** Opening Records for processing block **

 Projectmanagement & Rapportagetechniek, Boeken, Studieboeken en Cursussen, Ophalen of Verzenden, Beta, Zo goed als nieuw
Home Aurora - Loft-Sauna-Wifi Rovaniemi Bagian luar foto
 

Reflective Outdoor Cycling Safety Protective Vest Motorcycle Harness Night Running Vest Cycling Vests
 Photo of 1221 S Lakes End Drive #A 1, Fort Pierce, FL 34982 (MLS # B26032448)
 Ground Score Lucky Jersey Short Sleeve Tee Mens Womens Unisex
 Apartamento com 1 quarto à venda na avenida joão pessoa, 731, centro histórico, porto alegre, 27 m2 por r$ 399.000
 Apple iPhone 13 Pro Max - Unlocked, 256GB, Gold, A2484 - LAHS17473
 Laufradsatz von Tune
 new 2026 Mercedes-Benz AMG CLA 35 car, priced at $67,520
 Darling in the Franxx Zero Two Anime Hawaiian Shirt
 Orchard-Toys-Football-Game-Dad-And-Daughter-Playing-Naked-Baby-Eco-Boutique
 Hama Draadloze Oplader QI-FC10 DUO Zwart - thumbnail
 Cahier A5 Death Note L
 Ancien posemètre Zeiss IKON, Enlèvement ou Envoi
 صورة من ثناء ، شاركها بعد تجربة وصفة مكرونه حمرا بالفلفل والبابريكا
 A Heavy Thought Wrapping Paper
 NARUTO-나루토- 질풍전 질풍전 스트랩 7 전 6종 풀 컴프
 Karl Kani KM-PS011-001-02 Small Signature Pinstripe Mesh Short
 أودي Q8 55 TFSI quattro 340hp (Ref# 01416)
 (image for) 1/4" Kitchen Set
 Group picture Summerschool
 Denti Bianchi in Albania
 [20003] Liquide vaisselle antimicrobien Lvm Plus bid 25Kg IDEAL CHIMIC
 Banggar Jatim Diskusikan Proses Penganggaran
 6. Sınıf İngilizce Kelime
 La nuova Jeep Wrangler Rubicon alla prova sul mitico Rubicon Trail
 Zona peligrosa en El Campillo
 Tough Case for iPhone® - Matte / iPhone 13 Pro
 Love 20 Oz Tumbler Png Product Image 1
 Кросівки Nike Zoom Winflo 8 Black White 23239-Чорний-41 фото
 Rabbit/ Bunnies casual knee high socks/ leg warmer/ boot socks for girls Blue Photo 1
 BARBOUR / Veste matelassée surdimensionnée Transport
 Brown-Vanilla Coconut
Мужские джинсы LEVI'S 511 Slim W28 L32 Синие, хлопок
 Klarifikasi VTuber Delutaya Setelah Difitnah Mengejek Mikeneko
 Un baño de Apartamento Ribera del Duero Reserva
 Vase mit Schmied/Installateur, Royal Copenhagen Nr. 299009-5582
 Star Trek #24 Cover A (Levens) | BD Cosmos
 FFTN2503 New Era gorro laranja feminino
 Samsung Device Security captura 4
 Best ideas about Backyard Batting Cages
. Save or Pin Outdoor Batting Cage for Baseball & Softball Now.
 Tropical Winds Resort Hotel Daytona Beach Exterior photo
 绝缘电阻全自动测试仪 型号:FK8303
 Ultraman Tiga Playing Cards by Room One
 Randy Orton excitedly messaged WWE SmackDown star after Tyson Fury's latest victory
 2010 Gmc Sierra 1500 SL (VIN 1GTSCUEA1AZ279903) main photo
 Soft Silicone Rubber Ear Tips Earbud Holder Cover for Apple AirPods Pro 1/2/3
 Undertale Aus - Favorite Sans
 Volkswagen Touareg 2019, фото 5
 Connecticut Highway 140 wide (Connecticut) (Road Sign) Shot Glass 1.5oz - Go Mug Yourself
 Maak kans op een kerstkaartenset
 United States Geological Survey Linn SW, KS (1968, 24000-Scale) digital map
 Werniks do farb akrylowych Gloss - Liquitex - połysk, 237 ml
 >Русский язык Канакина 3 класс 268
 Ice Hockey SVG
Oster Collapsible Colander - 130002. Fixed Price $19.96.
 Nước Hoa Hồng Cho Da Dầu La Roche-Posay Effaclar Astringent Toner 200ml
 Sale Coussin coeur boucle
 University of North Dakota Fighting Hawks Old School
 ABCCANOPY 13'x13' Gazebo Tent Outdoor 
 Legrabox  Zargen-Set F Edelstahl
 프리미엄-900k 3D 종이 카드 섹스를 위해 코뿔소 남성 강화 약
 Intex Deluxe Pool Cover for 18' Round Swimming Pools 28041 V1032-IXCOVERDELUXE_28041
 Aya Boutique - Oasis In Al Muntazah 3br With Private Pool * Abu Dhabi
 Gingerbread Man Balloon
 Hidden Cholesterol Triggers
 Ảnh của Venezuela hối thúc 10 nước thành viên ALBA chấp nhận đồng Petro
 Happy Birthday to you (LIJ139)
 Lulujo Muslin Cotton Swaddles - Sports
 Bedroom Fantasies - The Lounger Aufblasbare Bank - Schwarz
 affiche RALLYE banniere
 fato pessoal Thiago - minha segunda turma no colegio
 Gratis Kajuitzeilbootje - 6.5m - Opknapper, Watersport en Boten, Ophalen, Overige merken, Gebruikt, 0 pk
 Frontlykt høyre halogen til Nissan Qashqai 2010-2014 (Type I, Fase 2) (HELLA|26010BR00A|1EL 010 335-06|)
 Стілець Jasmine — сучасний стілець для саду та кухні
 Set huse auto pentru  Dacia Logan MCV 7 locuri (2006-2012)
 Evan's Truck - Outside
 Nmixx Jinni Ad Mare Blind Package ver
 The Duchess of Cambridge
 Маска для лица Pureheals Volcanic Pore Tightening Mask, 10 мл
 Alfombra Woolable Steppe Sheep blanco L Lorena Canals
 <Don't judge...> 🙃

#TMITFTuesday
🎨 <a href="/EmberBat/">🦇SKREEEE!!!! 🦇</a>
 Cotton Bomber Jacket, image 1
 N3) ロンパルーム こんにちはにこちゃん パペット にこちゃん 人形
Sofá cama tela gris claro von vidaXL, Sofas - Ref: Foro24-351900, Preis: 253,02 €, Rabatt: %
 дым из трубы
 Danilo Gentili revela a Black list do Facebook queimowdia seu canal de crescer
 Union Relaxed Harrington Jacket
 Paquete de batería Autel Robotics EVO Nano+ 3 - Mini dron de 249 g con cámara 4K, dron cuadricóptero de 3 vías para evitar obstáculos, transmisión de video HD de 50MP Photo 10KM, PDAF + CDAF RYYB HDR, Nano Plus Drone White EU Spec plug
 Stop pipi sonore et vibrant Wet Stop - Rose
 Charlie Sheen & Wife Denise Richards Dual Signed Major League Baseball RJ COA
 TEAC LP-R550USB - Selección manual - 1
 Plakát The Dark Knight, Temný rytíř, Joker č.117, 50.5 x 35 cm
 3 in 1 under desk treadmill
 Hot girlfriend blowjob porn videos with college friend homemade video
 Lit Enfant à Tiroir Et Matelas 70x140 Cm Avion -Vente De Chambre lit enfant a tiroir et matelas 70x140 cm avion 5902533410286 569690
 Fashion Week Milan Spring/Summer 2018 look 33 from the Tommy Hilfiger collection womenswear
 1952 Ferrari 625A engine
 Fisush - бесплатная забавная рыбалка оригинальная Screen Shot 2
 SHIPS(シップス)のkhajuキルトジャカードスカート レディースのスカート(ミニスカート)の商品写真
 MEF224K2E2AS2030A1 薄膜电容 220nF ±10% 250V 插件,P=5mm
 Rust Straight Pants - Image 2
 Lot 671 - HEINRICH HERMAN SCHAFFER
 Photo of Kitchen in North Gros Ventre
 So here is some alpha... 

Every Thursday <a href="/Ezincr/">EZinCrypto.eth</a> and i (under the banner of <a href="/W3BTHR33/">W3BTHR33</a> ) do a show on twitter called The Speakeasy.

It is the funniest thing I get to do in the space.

** Closing Records for processing block **

### What you have to do
Each line, from the one that holds "SHIPS(シップス)のkh" through the last line of the entries, must be repeated exactly. Leave out everything else.

### Answer below
 SHIPS(シップス)のkhajuキルトジャカードスカート レディースのスカート(ミニスカート)の商品写真
 MEF224K2E2AS2030A1 薄膜电容 220nF ±10% 250V 插件,P=5mm
 Rust Straight Pants - Image 2
 Lot 671 - HEINRICH HERMAN SCHAFFER
 Photo of Kitchen in North Gros Ventre
 So here is some alpha... 

Every Thursday <a href="/Ezincr/">EZinCrypto.eth</a> and i (under the banner of <a href="/W3BTHR33/">W3BTHR33</a> ) do a show on twitter called The Speakeasy.

It is the funniest thing I get to do in the space.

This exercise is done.